I have 1998 Altima GXE . Recently some sort of frictious sound started coming from the engine and also burning smell .
I got it checked up by a mechanic and he said the water pump was faulty and needed to be replaced . But since the temp of engine was normal , I wanted to get it checked up by another guy . This mechanic said that the water pump was all normal , but the belts were all cracked up .

Could anyone give their expert advice.


----------



## Asleep (Jan 19, 2003)

newbuy said:


> I have 1998 Altima GXE . Recently some sort of frictious sound started coming from the engine and also burning smell .
> I got it checked up by a mechanic and he said the water pump was faulty and needed to be replaced . But since the temp of engine was normal , I wanted to get it checked up by another guy . This mechanic said that the water pump was all normal , but the belts were all cracked up .
> 
> Could anyone give their expert advice.


get in there and look for leaks. look for leaks that could be dripping onto the exhaust and/or leaks that are getting flung around the engine bay.


----------



## newbuy (Aug 20, 2005)

Checked for leaks , but couldnt find anything .
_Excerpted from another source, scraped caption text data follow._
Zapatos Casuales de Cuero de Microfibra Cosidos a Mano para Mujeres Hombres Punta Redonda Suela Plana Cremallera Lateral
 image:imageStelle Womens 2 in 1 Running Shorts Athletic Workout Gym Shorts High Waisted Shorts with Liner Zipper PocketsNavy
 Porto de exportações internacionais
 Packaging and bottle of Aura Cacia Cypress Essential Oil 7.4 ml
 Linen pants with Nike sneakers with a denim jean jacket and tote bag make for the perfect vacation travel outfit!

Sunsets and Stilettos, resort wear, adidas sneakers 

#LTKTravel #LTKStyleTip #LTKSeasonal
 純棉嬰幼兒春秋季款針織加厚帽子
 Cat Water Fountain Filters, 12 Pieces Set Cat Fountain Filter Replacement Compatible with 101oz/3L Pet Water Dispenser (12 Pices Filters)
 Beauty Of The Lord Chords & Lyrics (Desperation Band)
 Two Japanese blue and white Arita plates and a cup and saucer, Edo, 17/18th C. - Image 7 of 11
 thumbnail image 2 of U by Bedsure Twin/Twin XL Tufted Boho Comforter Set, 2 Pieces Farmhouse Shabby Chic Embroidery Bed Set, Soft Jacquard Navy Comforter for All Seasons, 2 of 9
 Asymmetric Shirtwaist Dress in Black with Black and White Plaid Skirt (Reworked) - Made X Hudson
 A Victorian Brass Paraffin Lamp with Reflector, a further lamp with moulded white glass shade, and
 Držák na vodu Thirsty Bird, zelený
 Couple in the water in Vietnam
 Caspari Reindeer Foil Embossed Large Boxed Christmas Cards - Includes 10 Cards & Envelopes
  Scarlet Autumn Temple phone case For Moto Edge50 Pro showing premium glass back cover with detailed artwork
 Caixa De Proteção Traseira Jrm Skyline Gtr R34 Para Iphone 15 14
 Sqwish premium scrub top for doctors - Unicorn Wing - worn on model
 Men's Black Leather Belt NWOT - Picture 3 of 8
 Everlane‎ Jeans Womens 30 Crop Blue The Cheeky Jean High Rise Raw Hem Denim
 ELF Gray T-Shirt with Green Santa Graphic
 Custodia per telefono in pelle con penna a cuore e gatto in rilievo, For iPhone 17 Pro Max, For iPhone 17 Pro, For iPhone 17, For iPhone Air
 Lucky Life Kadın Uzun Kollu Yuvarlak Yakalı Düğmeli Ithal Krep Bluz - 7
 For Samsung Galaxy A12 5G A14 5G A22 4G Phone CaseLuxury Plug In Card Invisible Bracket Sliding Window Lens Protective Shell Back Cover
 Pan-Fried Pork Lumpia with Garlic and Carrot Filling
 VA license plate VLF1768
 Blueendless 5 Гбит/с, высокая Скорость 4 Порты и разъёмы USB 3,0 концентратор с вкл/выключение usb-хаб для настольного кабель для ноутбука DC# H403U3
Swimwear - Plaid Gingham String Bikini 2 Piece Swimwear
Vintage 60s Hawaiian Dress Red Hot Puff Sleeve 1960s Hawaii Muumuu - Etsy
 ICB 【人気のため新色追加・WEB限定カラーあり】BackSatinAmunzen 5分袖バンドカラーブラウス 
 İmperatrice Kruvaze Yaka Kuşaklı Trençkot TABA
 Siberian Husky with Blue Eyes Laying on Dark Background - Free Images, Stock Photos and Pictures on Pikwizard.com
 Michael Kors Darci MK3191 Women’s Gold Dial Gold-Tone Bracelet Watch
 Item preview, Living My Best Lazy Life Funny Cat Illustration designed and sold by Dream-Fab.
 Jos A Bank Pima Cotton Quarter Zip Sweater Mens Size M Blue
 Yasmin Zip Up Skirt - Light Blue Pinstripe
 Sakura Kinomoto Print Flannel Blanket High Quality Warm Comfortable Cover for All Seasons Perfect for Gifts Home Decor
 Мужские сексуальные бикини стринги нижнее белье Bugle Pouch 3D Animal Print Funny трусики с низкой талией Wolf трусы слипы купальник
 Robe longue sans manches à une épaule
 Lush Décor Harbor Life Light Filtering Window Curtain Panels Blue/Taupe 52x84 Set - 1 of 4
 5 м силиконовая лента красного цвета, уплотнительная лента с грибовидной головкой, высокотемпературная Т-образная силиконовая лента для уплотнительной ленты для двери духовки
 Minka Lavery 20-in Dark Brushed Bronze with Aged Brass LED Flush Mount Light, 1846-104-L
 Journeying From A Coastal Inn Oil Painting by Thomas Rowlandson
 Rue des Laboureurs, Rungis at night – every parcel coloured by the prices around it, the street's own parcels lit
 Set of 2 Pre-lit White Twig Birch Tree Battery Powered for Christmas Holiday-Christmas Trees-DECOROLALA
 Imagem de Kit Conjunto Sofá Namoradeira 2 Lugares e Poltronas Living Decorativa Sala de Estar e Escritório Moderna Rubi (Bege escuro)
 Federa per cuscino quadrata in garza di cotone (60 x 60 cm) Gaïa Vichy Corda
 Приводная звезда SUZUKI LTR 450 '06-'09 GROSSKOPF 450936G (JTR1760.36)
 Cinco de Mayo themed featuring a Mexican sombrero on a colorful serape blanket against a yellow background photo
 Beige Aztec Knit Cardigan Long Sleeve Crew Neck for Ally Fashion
Another guy was sayin that the smell is coming from the alternator .


----------



## tcratboy321 (Apr 11, 2005)

its your ac belt hittin your other belts... happens to most altimas.... turn on your ac to full blast and rev the car to 5000 rpms and then let off... if you hear the sqealing then its your ac belt wich needs to be replaced or tightened


----------



## newbuy (Aug 20, 2005)

tcratboy321 said:


> its your ac belt hittin your other belts... happens to most altimas.... turn on your ac to full blast and rev the car to 5000 rpms and then let off... if you hear the sqealing then its your ac belt wich needs to be replaced or tightened


But i hear the squeeling and whirring sound even when the AC is not on.!!


----------